Salem Al Balushi does not remember his age, but he remembers making pulleys as far back in 1970
But neither age, nor ill health has withered his desire for the sport or dimmed his talent to make pulleys. Today, he is one of the few remaining unsung master craftsmen of the manjur. Salem loves to carve them out and says he will continue to do so as long as he lives. He religiously takes part in the game too. “My father was also a manjur maker. Probably Oman is the only country that uses traditional wooden pulleys on their wells. I learned it from my father and used to assist him in the 60s.
Wells were used to draw water for living purposes, now it is only a showpiece. But, for the love of Zampth, we still create the wooden pulleys and will preserve it for posterity. This will help future generations to get to know what a pulley is.”

But at Al Muraisy, the younger generation was not only aware of the manjurs, but, some of them were also active participants in the game of Zampth. “My son Yusuf helps me carve the pulleys,” Salem said.

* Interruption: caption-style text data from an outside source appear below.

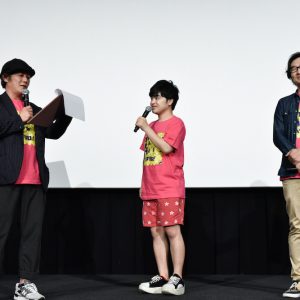加藤諒・主演の劇場版「パタリロ！」叱咤激励上映会、小林監督「全部受け止める」公式レポ イメージ画像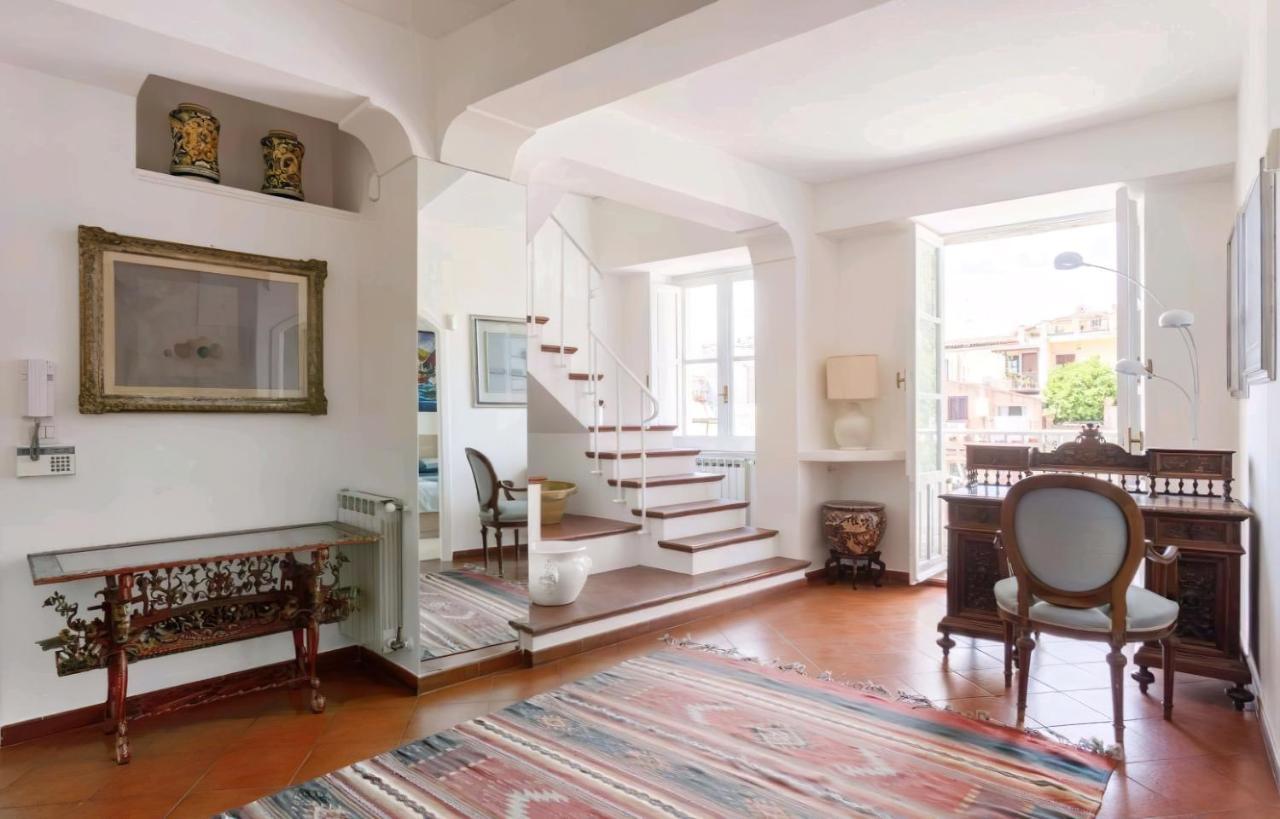 Casa Smeraldo Таормина Екстериор снимка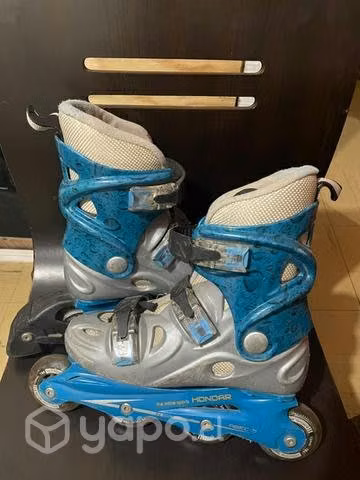 Patines en línea abec-5 - Imagen 3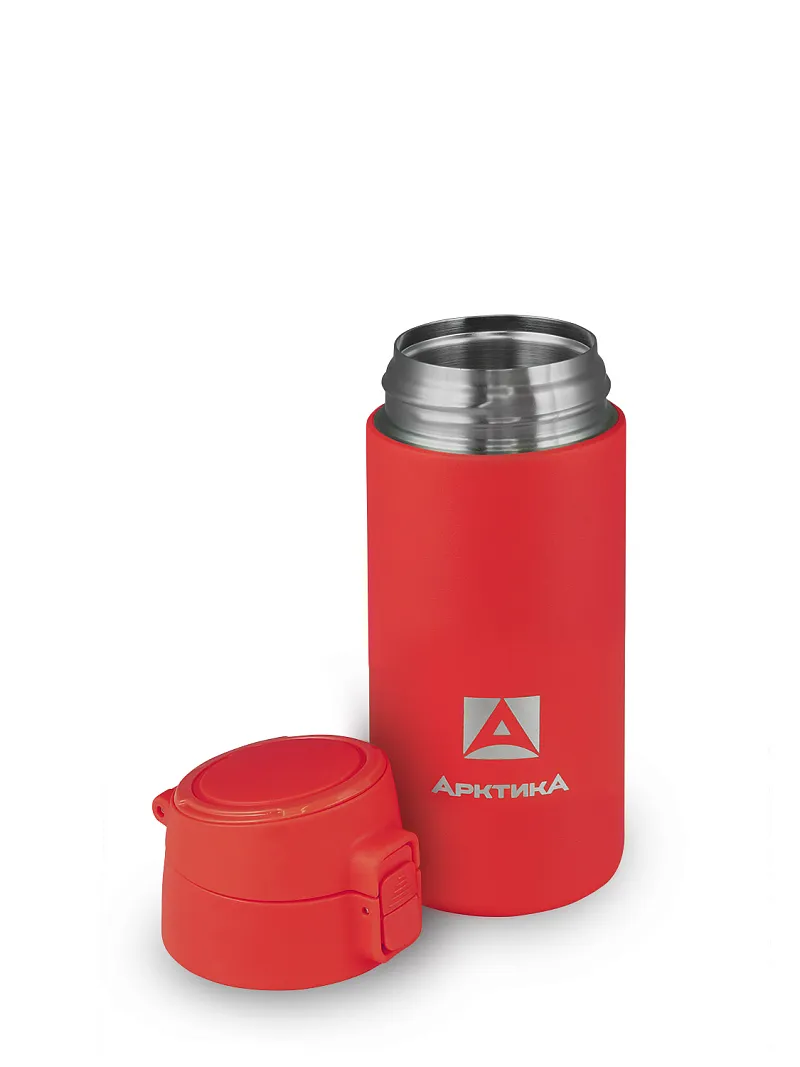 Термос ARCTICA DRINK — качественный термос для походов, туризма и активного отдыха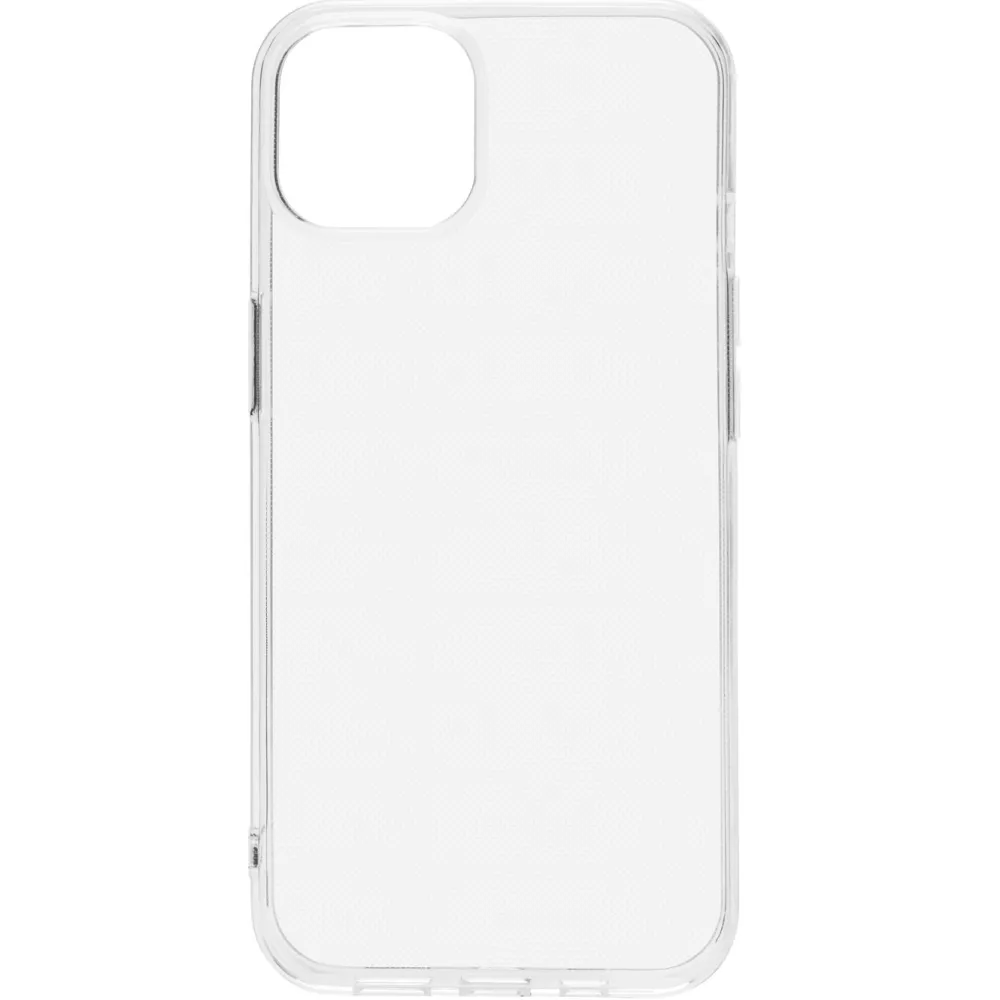 Linocell Iphone-Tilbehør|Second skin Mobildeksel for iPhone 13 Mini Gjennomsiktig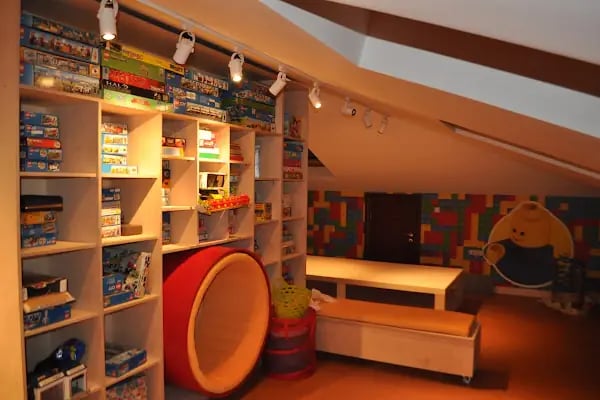 RGB Aydınlatma Mühendislik Otomasyon Tasarım - Resim 14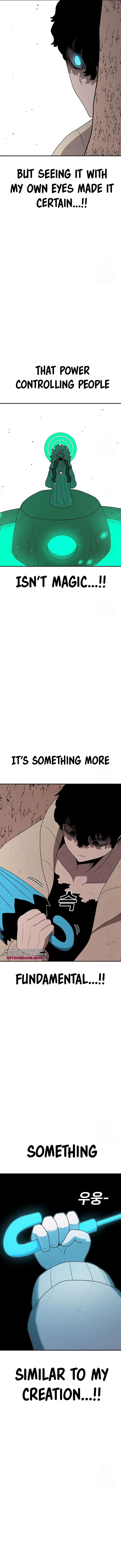 The House Without Time Chapter 131 Online - página 16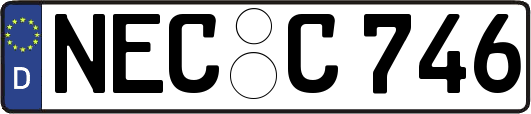 NEC-C746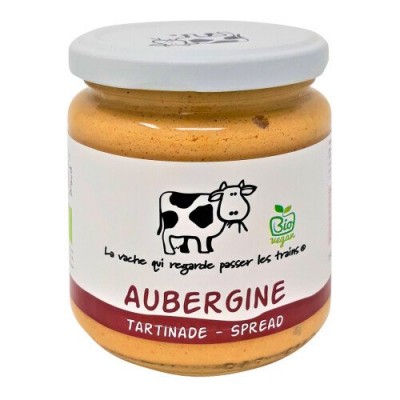 Tartinade Aubergine 180g vache
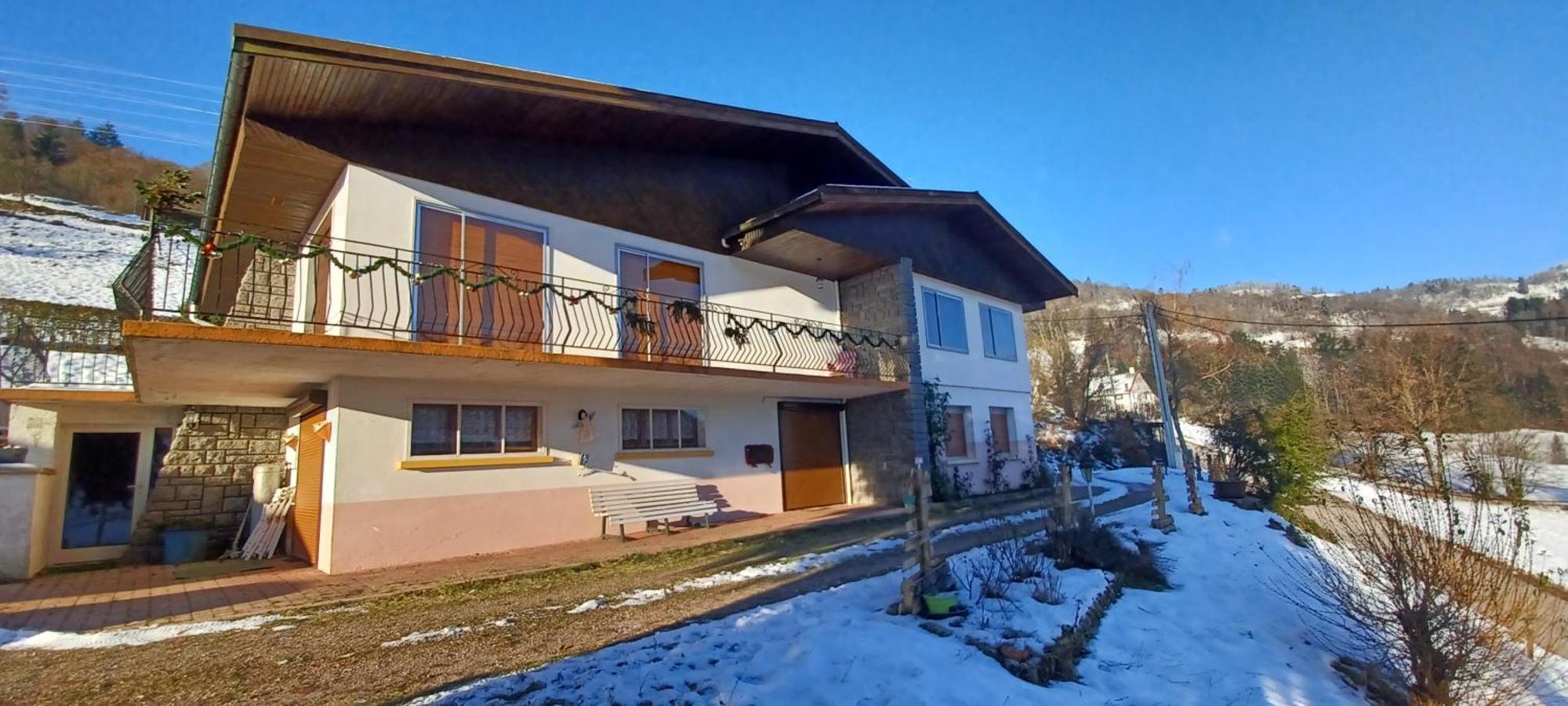 La Colline De Pam Apartman Cornimont Kültér fotó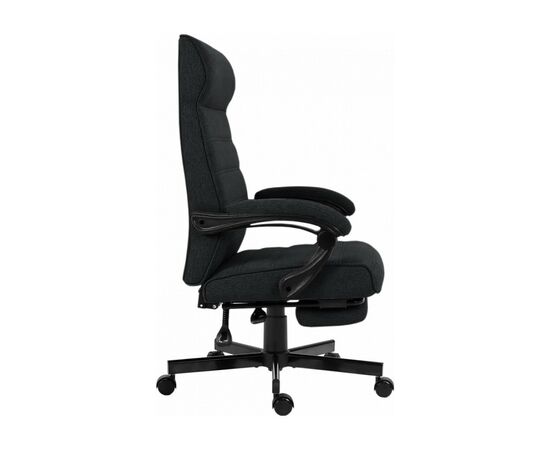Офисное кресло GT Racer B-2728 Black, изображение 3 Офисное кресло GT Racer B-2728 Black, изображение 3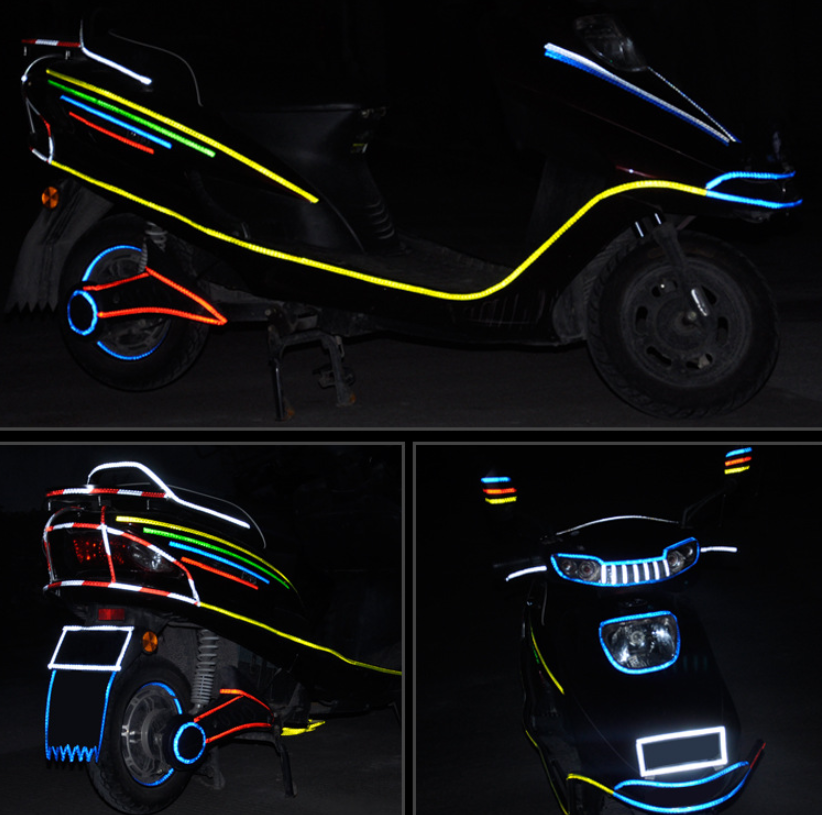 vehicle reflective stickers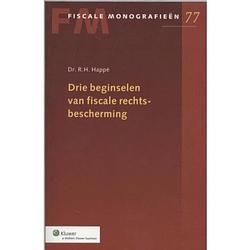 Foto van Drie beginselen van fiscale rechtsbescherming -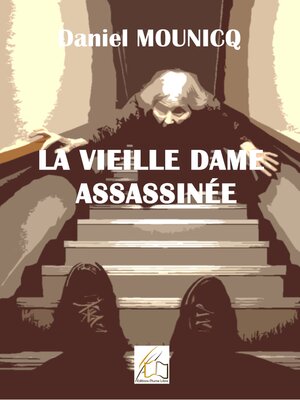cover image of La vieille dame assassinée
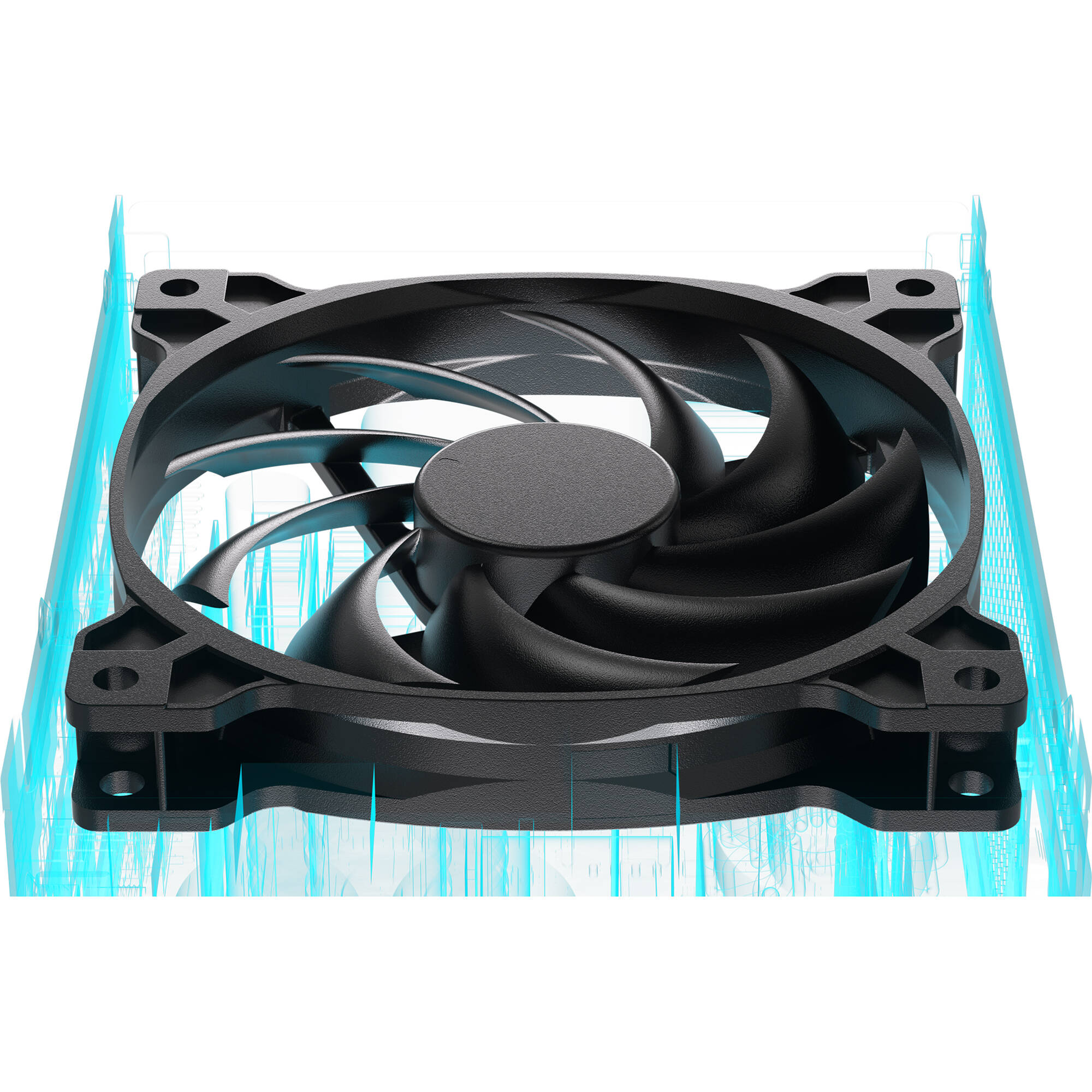 Corsair SF1000 1,000 W SFX fully modular power supply with 80 PLUS Platinum efficiency — view 11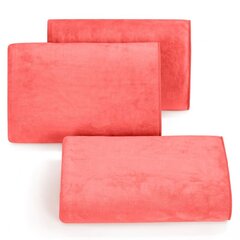 Полотенце Amy 70x140 см, розовое цена и информация | Полотенца | pigu.lt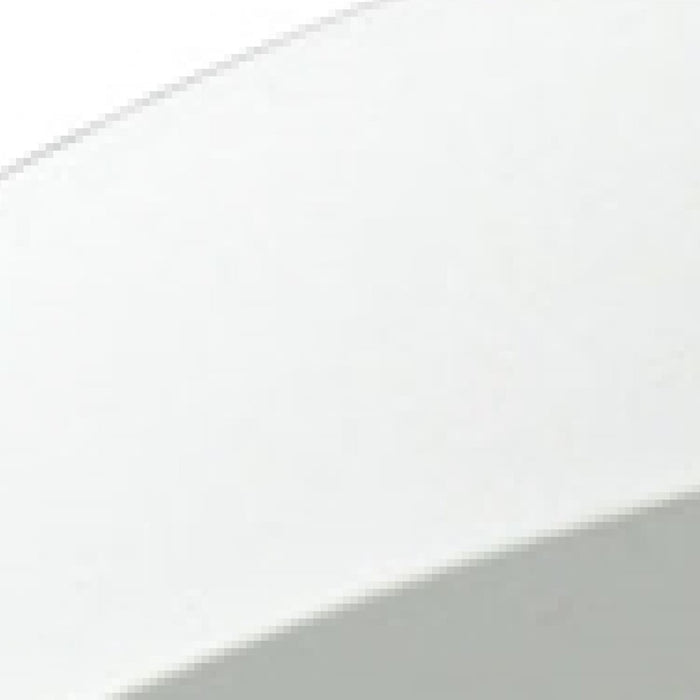 Atlas Lighting Titan 10'' Wide Integrated LED Flush Mount, White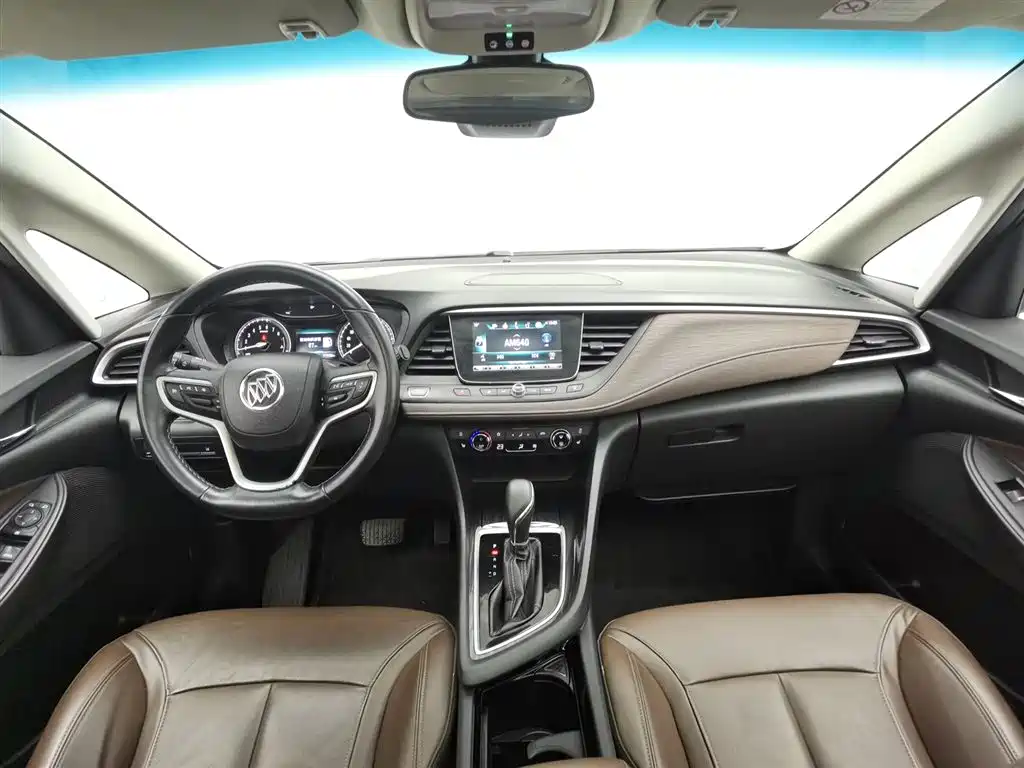 Buick GL6 2019 18T 6-seat Connected Luxury China VI фото 5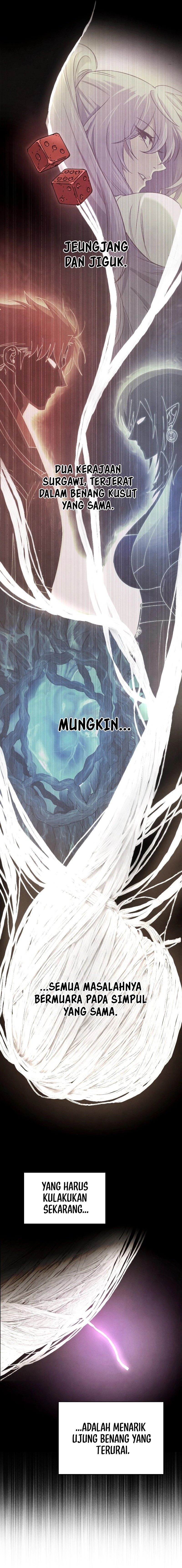 Reincarnated In a Cursed Game Chapter 33 Gambar 15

Ahmed Hassan Saud Al Balushi is another example of the younger Omani generation who is besotted with Zampth. “I am young, but, Zampth has become part of my culture and tradition. It is both addictive and relaxing. Sometimes the sound that is produced resembles that of an old man, sometimes of an Arabic musical tone. It is part of our childhood. It is a game played in the dark, but it lightens up our life and mind. I never get bored. It is a physically stimulating game too, keeps me active, so sleep or boredom doesn’t creep in,” he said.
According to Salem, Zampth is a game that has been part of Oman for several scores of years.
But, there are no records of the game anywhere, which is why the passionate, dedicated and the spirited manner in which the residents of Al Muraisy were playing this game, we are not only going to hear it for a long time to come, but will also hopefully see it go down the record books as a unique Omani sport that hinges on sound.

Zampth will never die
“Zampth is a sport that is part of the Omani life and tradition. It will never die. If it dies, so will the Khanjar, the Musr etc.,” declares Ahmed Mohd Alyahmadi, director of private sports, ministry of sports affairs.
“This is a sport that has been alive for the last several centuries, and so will it be for many more centuries, Ahmed Alyahmadi, who is known for his passion for promoting and preserving Omani tradition and culture, added to Black & White.
“Oman is modern, yet steeped in tradition. It is this unique aspect that has kept alive a sport like Zampth.”
Although Ahmed recalls his grandfather using bulls to pull water from the wells many years ago, and also having viewed the game from close quarters in Barka (he hails from Barka), he has never had the chance to play the game.
Ahmed’s brother-in-law, Abdullah Ahmed Al Balushi, however, is an expert on the game and the former has managed to glean enough technical information on the sport from the latter.
“Zampth actually means a race of sounds. A musical contest in a way.
The main component of the game is the hathbat manjur, the shaft of the pulley. The pulley is called the manjur.
The sound is produced by the shaft, which is very expensive to carve out. It takes nearly two to three months to make one. During the game, these shafts are tested for best performance. The team will climb up the poles and keep changing shafts and testing. It is a long process. If they shortlist a shaft, they will keep it aside for use at the last minute as a surprise introduction.
When the manjur is set up, the rope actually pulls up a 20-25 kgs rubber water carrier every time. So it is not an easy game. It needs arm power, stamina and loads of patience.
“Zampth is played in the dark to maintain the serenity in the area and that it does not disturb the neighbourhood in anyway. It is a game that can be played only at night because the wooden shaft requires moisture to help produce the best sounds. The heat and light of the sun in day time will cause the wood to dry up and will not produce sounds. Plus the hot climate will drain us all physically. Nights are cooler for the sport.”